Cultural Studies is an emerging and increasingly influential field of study. It trains students to understand the political dimensions of culture and to examine the ways in which culture is a contested site for conveying different ideologies. Our programme offers a new perspective that helps students to better understand contemporary Chinese and global culture and invites them to engage critically in the study of culture to arrive at a more advanced and sophisticated understanding of power.
Social Critique Through the Prism of Art and Culture
Deconstruction, globalization, post-modernism and post-truth: these are just a few of the new words coined to capture the zeitgeist of the contemporary world. To tease out the currents of thoughts affecting us, students and researchers in cultural studies would have to draw on different disciplines to come up with critical analyses of culture, politics, society and economy, as well as other social institutions. That may sound daunting, but it is precisely the intellectual challenges posed by cultural studies that appeal to our inquisitive young minds.
Prof. Tam Wai-lun, Chairperson of the Department of Cultural and Religious Studies, thinks that cultural studies can help students understand the political dimensions of culture and examine the ways in which culture becomes a contested site for conveying different ideologies.
‘Our programme is one of the well-developed cultural studies programmes in Asia that provides education and research on art and culture in Hong Kong, China, and Asia.’
Richard Ng, a final year student majoring in cultural studies, is most appreciative of the programme’s ‘down-to-earth’ approach, and its ability to encourage students ‘to reexamine their everyday life experience’.
Through the lenses of cultural studies scholars and students, texts and materials such as films, comic strips, novels, social media, visual arts, and performances do shed light on forces shaping us without our knowing, be it gender and sexuality, race, religion, etc.

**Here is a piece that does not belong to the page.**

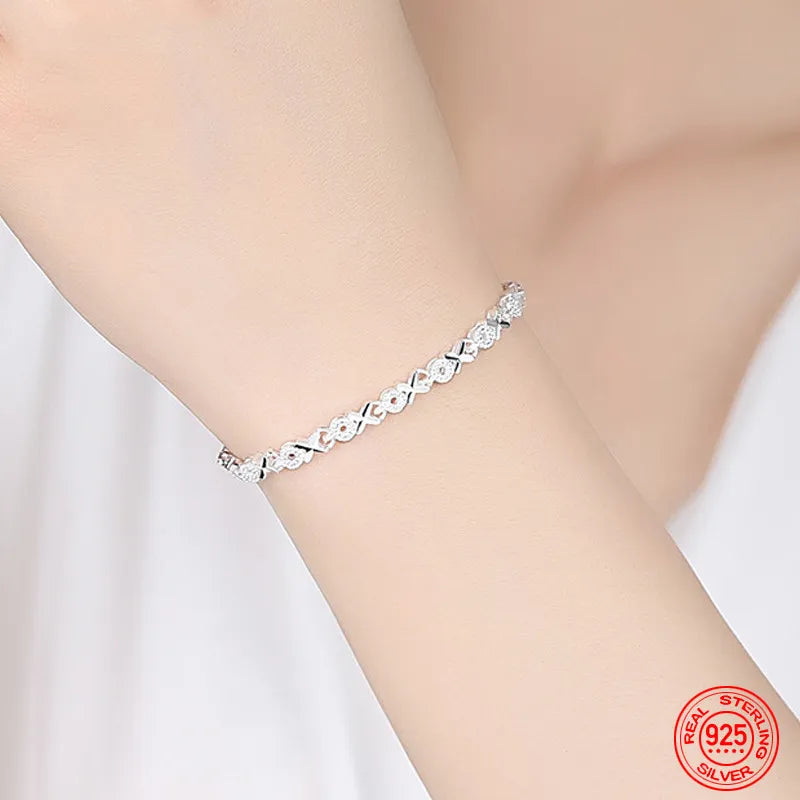 Pulsera Elegante con Diseño de Cadena Metálica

The programme’s focus on local contexts was a surprise to Richard, who thought that cultural studies was all about critical theories. While Richard is an avid reader of Marxist and French structuralist theories, he later realized that local materials in fact allow us to read theories in a different light.
‘I found out that by paying attentionto our culture, we can carve out a niche for dialogues between theories and the various cultural contexts, and it is this process that gives value to our studies,’ Richard said.

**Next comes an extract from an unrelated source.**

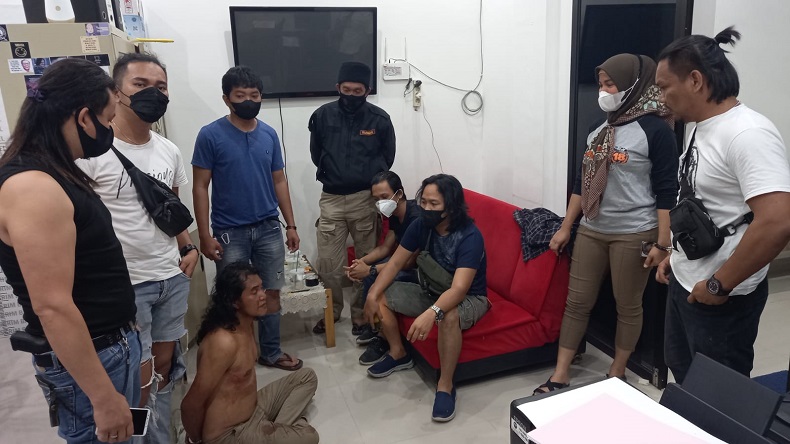 Lelaki Mabuk Bacok Polisi, Beringas saat Diberi Tembakan Peringatan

Students are expected to maintain an open mind and be prepared to take on intellectual challenges. According to Professor Tam, prospective cultural studies students should also possess inter-cultural sensitivity, respect for human connectedness, and an awareness of gender, race, class and ethnic identity.
‘The curricular design is intended to train students to think critically and analyze a diverse range of issues and topics related to travel, body, politics, modernity, the city, gender, technoscience, consumer culture, visual culture, youth culture, globalization and cultural policy,’ Professor Tam said.
The programme’s emphasis on independent and critical thinking means that diversity is respected within the close-knit circle of students and staff. Richard noted that his fellow classmates have divergent outlooks on life and their interests and vocational aspirations also differ widely. Nonetheless, differences do not stop them from building a close relationship and trust for one another.
‘My fellow classmates care a lot about social issues and I thoroughly enjoy talking to them,’ said Richard.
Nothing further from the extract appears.